**What you should do:** Once the line containing "volcanic black sand" appears, output it and each remaining line of the records below exactly, with no pictures and nothing more.

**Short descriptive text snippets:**

════

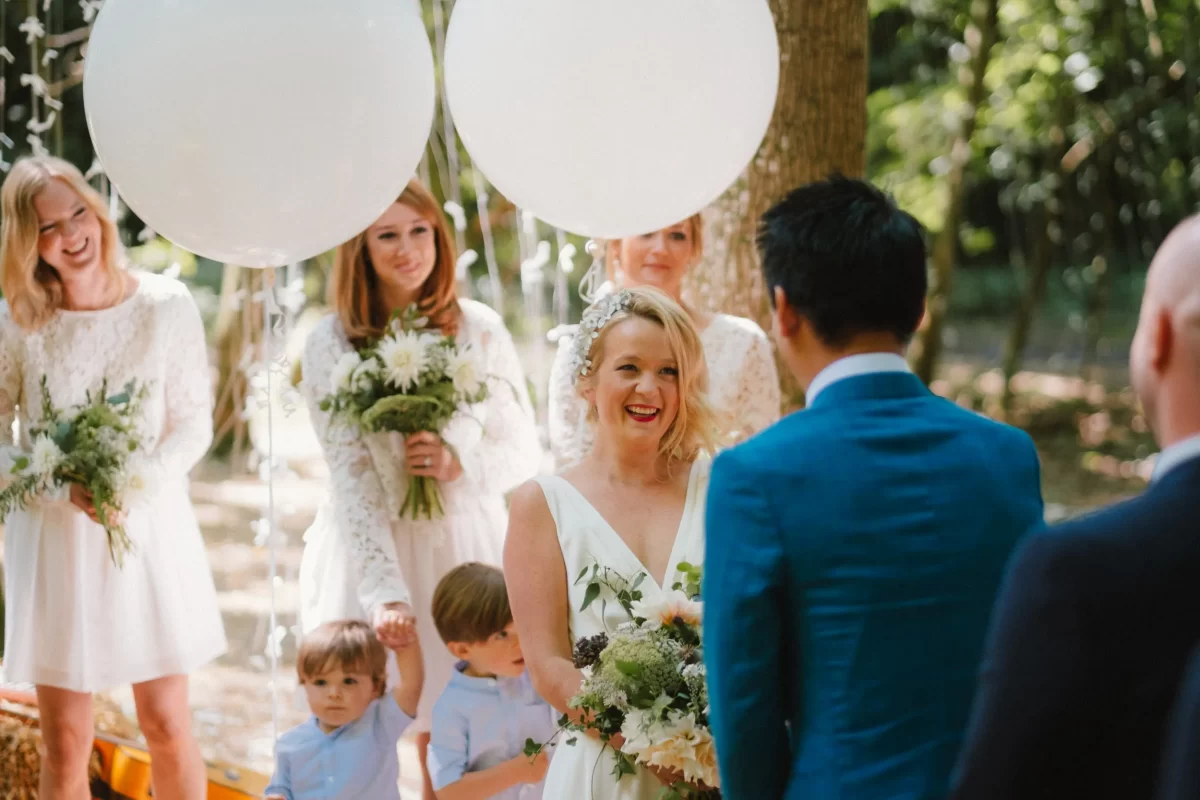 bride smiling during ceremony with white balloons in the woods at exclusive woodland wedding venue paper mill kent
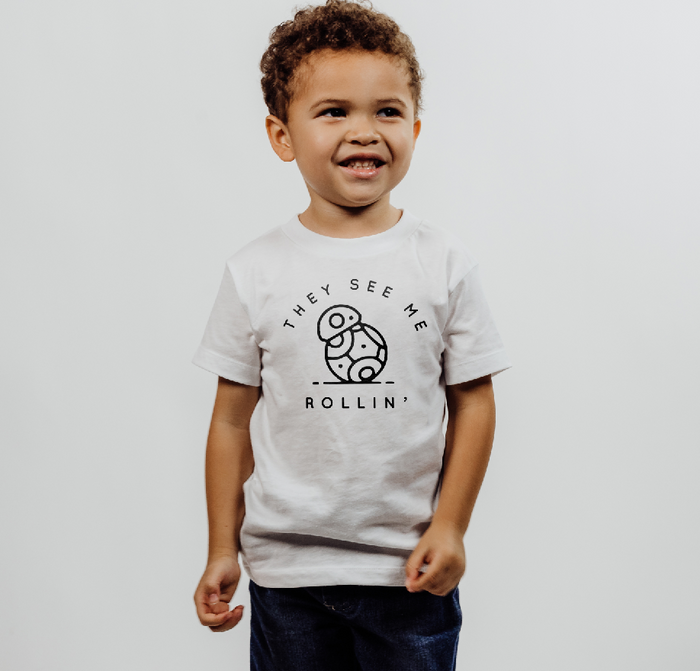 They See Me Rollin' Bella Canvas Toddler Short Sleeve Tee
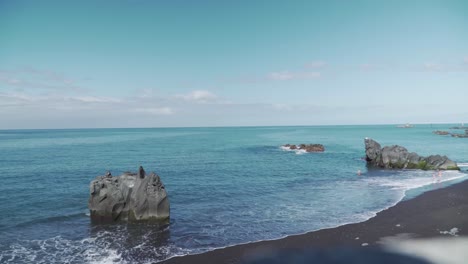 volcanic black sand beach with people swimming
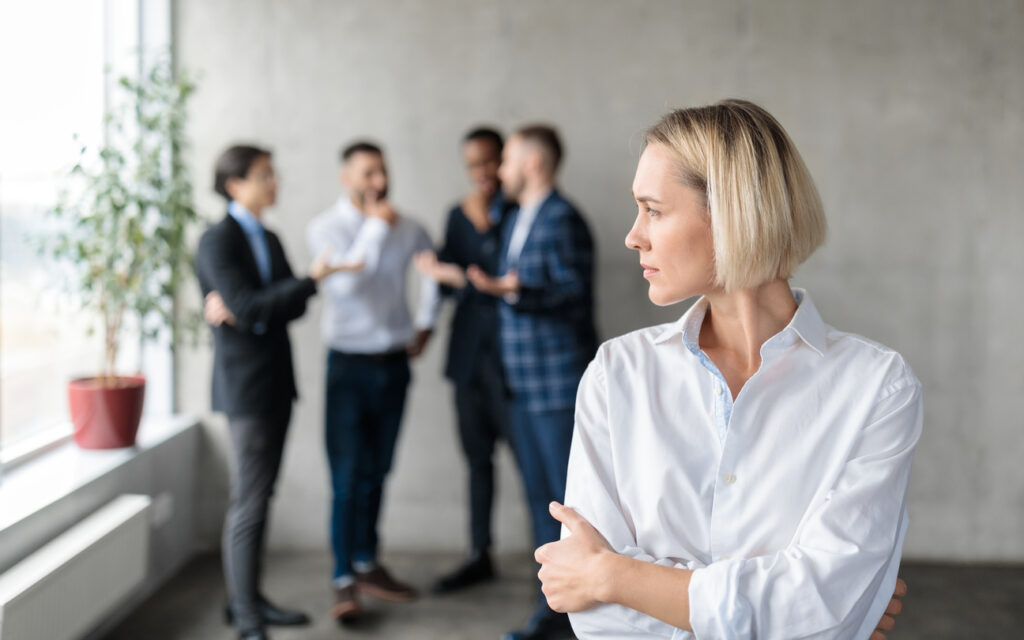 Male Coworkers Whispering Behind Back Of Unhappy Businesswoman Spreading Rumors And Gossips Standing In Modern Office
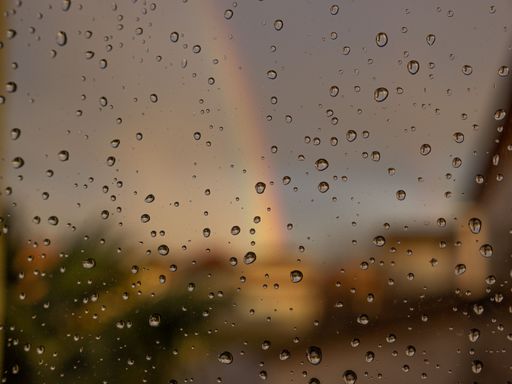 A closeup of raindrops on a glass window on a blurry background of a rainbow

════

**Result of the exercise:**
 volcanic black sand beach with people swimming
 Male Coworkers Whispering Behind Back Of Unhappy Businesswoman Spreading Rumors And Gossips Standing In Modern Office
 A closeup of raindrops on a glass window on a blurry background of a rainbow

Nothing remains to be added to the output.